TASK DETAILS:
Set the data down exactly as it stands, and keep its pictures out.

——

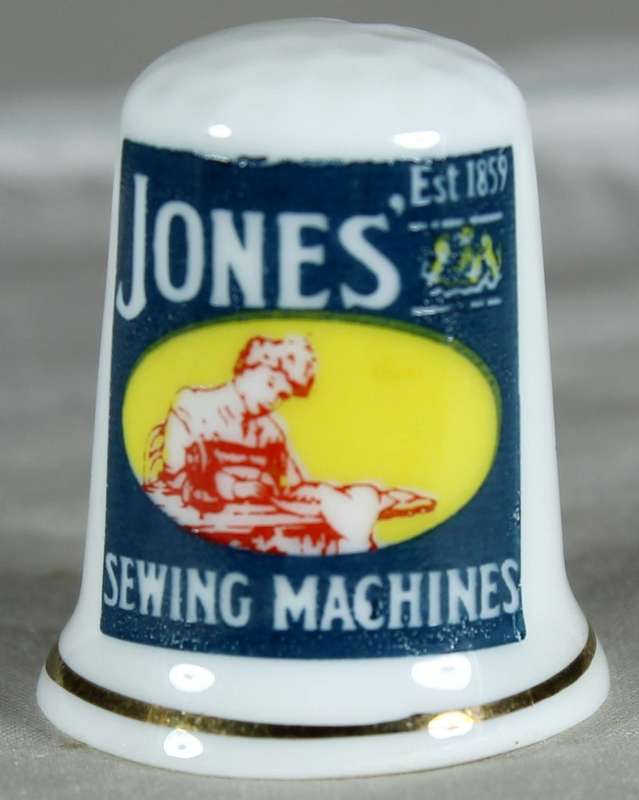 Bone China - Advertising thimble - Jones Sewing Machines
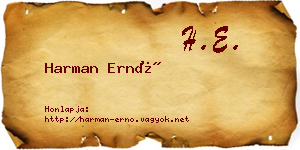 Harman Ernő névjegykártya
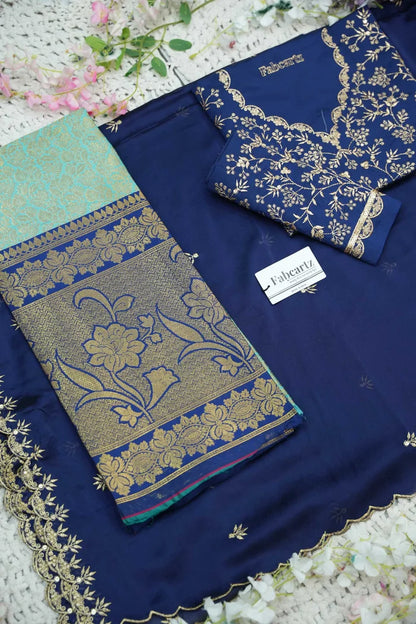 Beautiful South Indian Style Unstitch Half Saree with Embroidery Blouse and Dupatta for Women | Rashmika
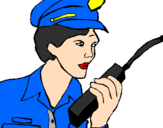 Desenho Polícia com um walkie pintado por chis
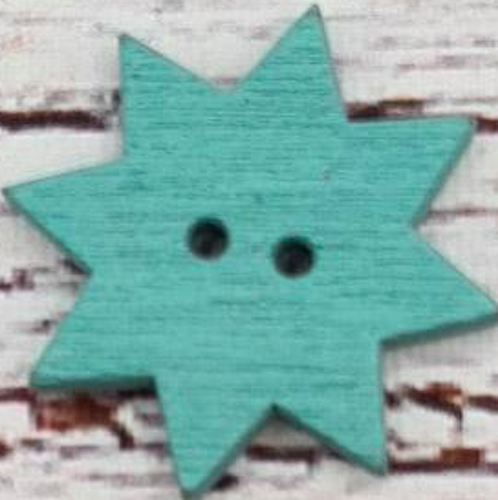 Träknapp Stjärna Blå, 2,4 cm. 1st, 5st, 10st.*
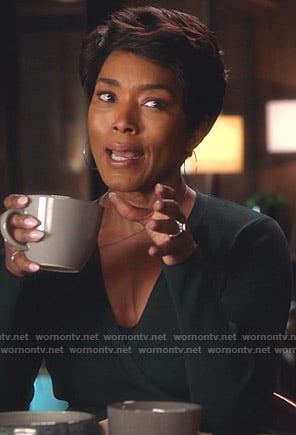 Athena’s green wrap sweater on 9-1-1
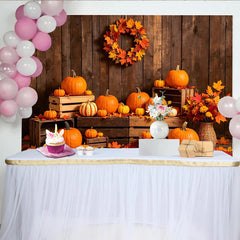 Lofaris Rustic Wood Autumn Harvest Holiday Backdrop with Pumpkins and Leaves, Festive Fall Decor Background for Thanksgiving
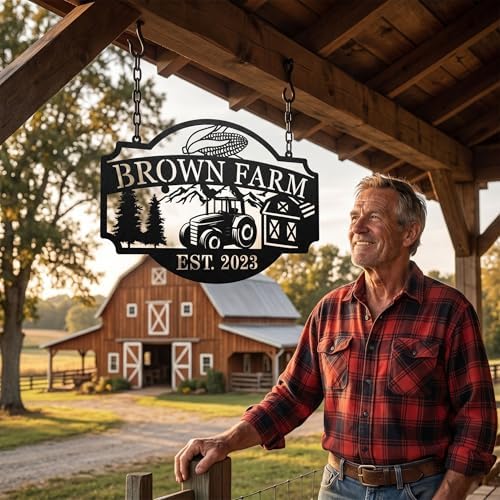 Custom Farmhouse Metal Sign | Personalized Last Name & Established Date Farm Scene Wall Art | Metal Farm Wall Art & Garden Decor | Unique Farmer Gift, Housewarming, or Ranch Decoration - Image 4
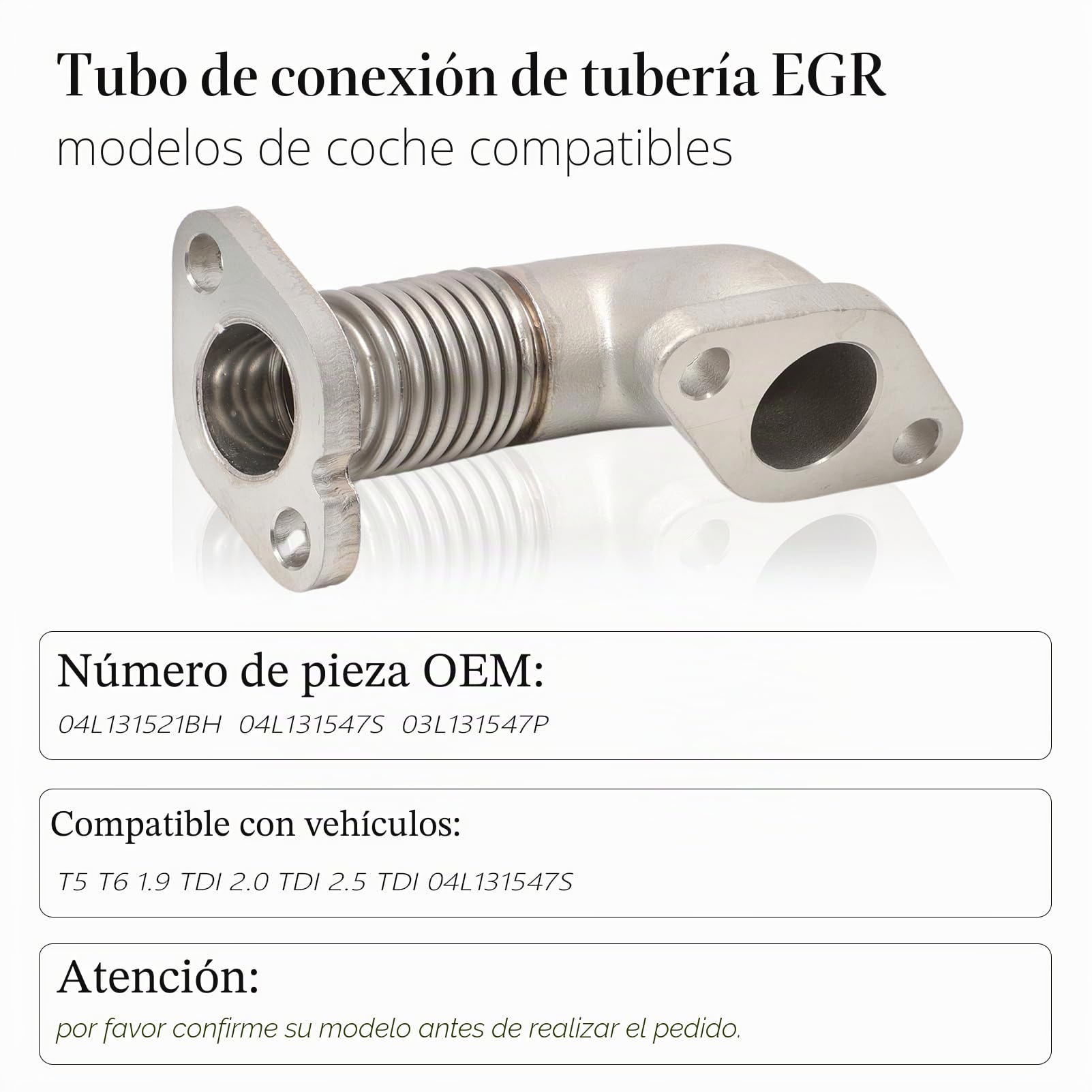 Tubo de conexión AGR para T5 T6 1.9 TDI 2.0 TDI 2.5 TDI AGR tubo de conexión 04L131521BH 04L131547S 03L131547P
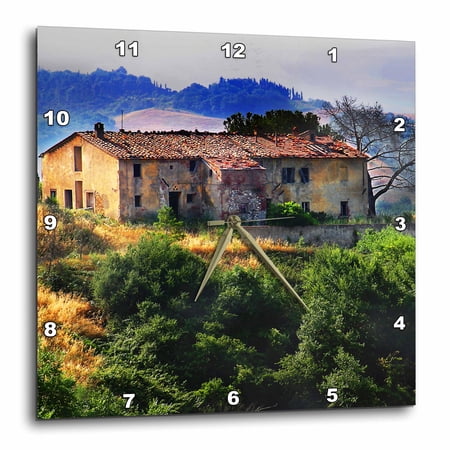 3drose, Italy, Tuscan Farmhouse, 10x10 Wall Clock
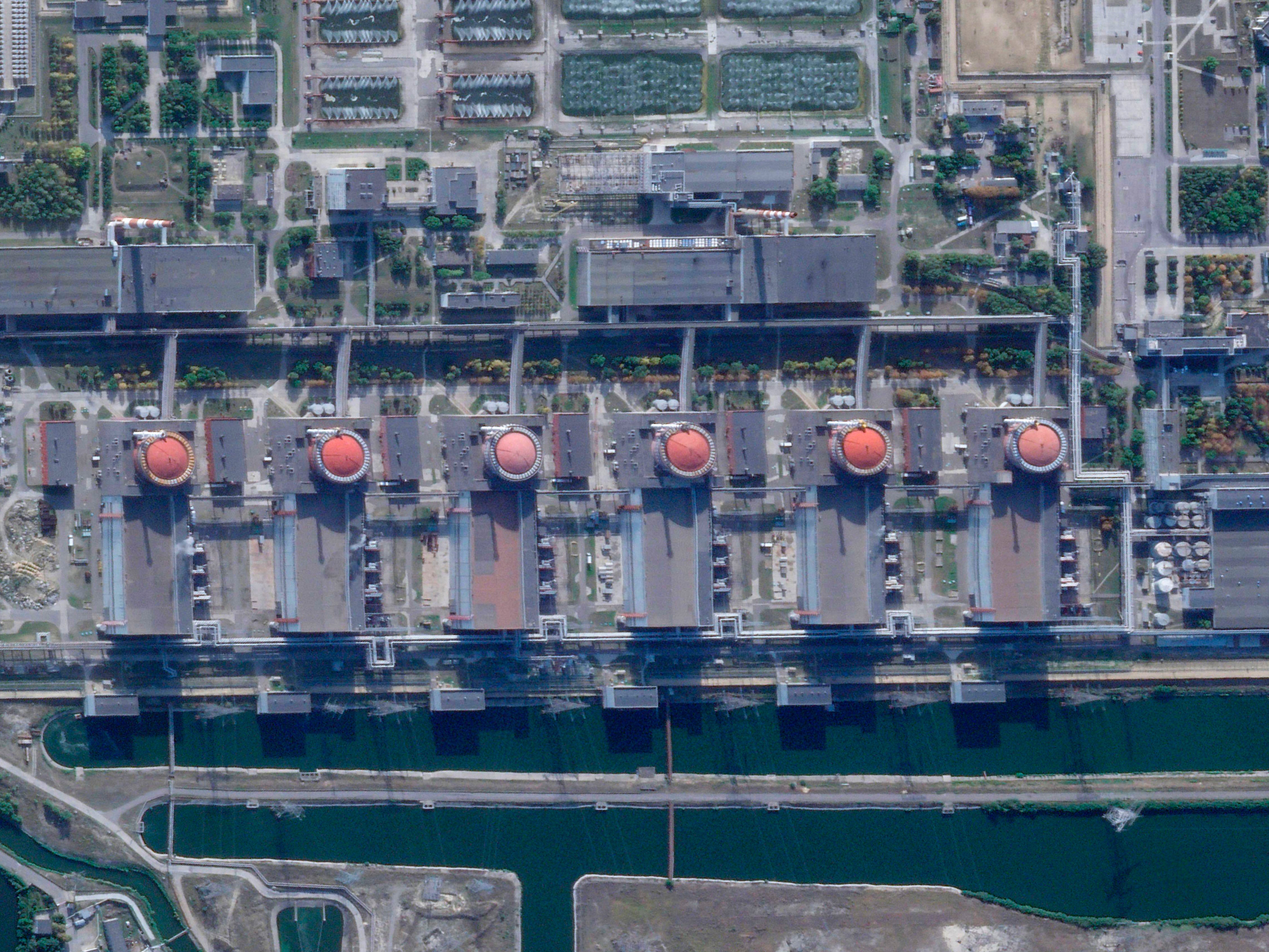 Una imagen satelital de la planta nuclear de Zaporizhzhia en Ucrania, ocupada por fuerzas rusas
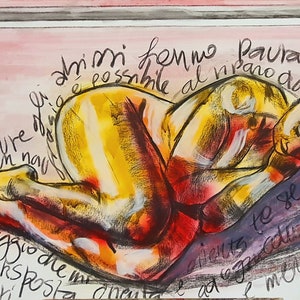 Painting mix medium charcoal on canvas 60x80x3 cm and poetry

——

ANSWER:
 Bone China - Advertising thimble - Jones Sewing Machines
 Harman Ernő névjegykártya
 Beautiful South Indian Style Unstitch Half Saree with Embroidery Blouse and Dupatta for Women | Rashmika
 Desenho Polícia com um walkie pintado por chis
 Träknapp Stjärna Blå, 2,4 cm. 1st, 5st, 10st.*
 Athena’s green wrap sweater on 9-1-1
 Lofaris Rustic Wood Autumn Harvest Holiday Backdrop with Pumpkins and Leaves, Festive Fall Decor Background for Thanksgiving
 Custom Farmhouse Metal Sign | Personalized Last Name & Established Date Farm Scene Wall Art | Metal Farm Wall Art & Garden Decor | Unique Farmer Gift, Housewarming, or Ranch Decoration - Image 4
 Tubo de conexión AGR para T5 T6 1.9 TDI 2.0 TDI 2.5 TDI AGR tubo de conexión 04L131521BH 04L131547S 03L131547P
 3drose, Italy, Tuscan Farmhouse, 10x10 Wall Clock
 Una imagen satelital de la planta nuclear de Zaporizhzhia en Ucrania, ocupada por fuerzas rusas
 Painting mix medium charcoal on canvas 60x80x3 cm and poetry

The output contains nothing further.